しかし、国際会議での発表直後、世界中の科学者が賀氏の率いる研究チームへの強い批判と共に、「賀氏の遺伝子編集実験を検証するべきだ」とする共同声明を発表しました。
賀氏は「遺伝子編集実験のデータはいずれ公開する予定だ」と述べていましたが、世界中から批判が集中していることを受けて、中国政府が賀氏に研究中止を命じたことも判明しました。

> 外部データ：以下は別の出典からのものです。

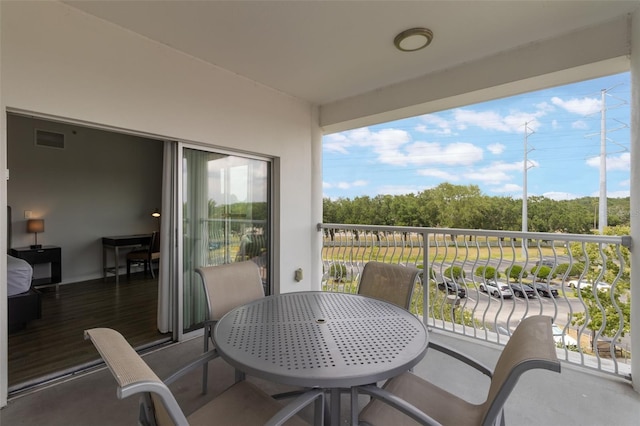 225 Celebration Pl Unit 401, Kissimmee, FL 34747 - balcony with outdoor dining space and view of wooded area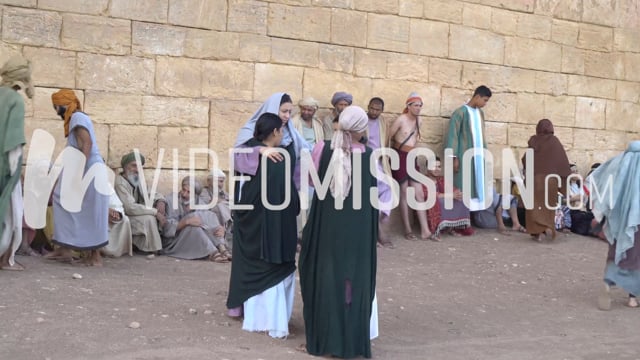 People Sitting By City Gate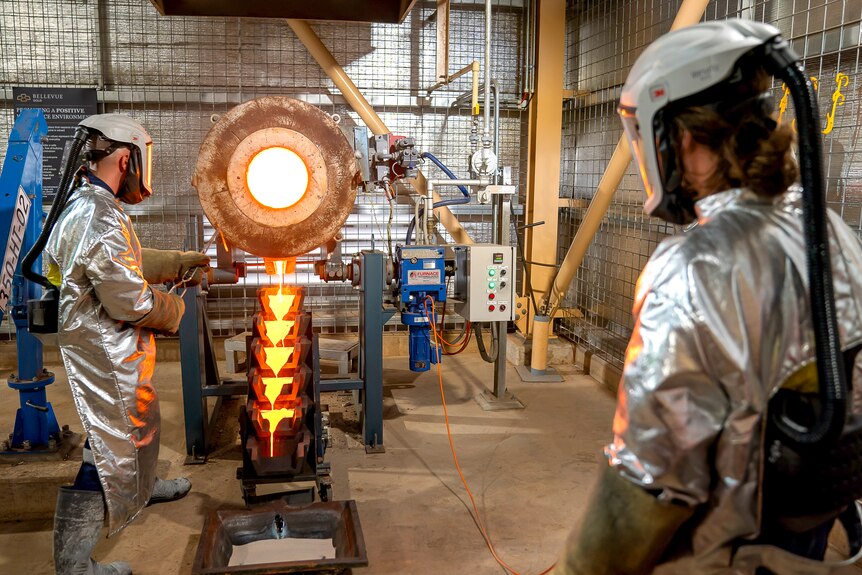 Liquid gold is poured at Bellevue gold mine, as two people wearing protective silver suits watch over.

その後、中国政府の調査によってゲノム編集された双子の実在が確認されました。そして、賀氏は南方科技大学を解雇され、中国警察の捜査対象になったと報じられました。既に2019年1月の時点で「賀氏は自宅軟禁、あるいは警察に拘束されているのでは」と報道されていますが、南方科技大学はこれを否定しています。
科学系メディアのScienceAlertによると、賀氏は2019年1月にアパートのバルコニーで目撃されて以来、公の場に一切姿を現していないとのこと。また、公開すると述べていた実験データも発表されておらず、肝心の双子の健康状態や行方も全くわかっていない状態だそうです。